======== Data under study

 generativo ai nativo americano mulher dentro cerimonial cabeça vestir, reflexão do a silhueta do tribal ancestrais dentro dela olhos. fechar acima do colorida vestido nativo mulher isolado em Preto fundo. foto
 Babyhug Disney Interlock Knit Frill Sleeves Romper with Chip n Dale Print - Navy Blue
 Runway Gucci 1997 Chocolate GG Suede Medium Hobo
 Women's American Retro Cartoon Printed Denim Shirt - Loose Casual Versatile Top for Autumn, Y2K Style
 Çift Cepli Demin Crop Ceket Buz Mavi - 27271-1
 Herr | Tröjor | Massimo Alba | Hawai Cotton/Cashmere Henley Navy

================
======== Data under study

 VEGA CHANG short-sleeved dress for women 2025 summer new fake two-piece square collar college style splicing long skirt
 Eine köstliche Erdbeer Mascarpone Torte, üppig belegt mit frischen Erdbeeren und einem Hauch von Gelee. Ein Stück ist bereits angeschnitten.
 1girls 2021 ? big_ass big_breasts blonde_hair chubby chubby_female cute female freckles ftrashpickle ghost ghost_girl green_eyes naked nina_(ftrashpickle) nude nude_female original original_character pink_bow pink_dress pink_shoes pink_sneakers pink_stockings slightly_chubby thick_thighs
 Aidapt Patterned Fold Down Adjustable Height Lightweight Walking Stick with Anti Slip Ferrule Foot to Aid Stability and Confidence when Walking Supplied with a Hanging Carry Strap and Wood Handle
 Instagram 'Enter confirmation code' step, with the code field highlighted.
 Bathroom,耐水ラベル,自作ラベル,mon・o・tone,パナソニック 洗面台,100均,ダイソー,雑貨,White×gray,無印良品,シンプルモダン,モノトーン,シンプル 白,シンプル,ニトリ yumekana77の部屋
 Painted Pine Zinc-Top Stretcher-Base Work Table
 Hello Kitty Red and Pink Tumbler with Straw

================

▸ How to complete this task
Reproduce the lines of the entries above from the one with "Runway Gucci 1997" to the one with "Herr | Tröjor", both included, exactly and without any other line.

▸ Answer to the problem
 Runway Gucci 1997 Chocolate GG Suede Medium Hobo
 Women's American Retro Cartoon Printed Denim Shirt - Loose Casual Versatile Top for Autumn, Y2K Style
 Çift Cepli Demin Crop Ceket Buz Mavi - 27271-1
 Herr | Tröjor | Massimo Alba | Hawai Cotton/Cashmere Henley Navy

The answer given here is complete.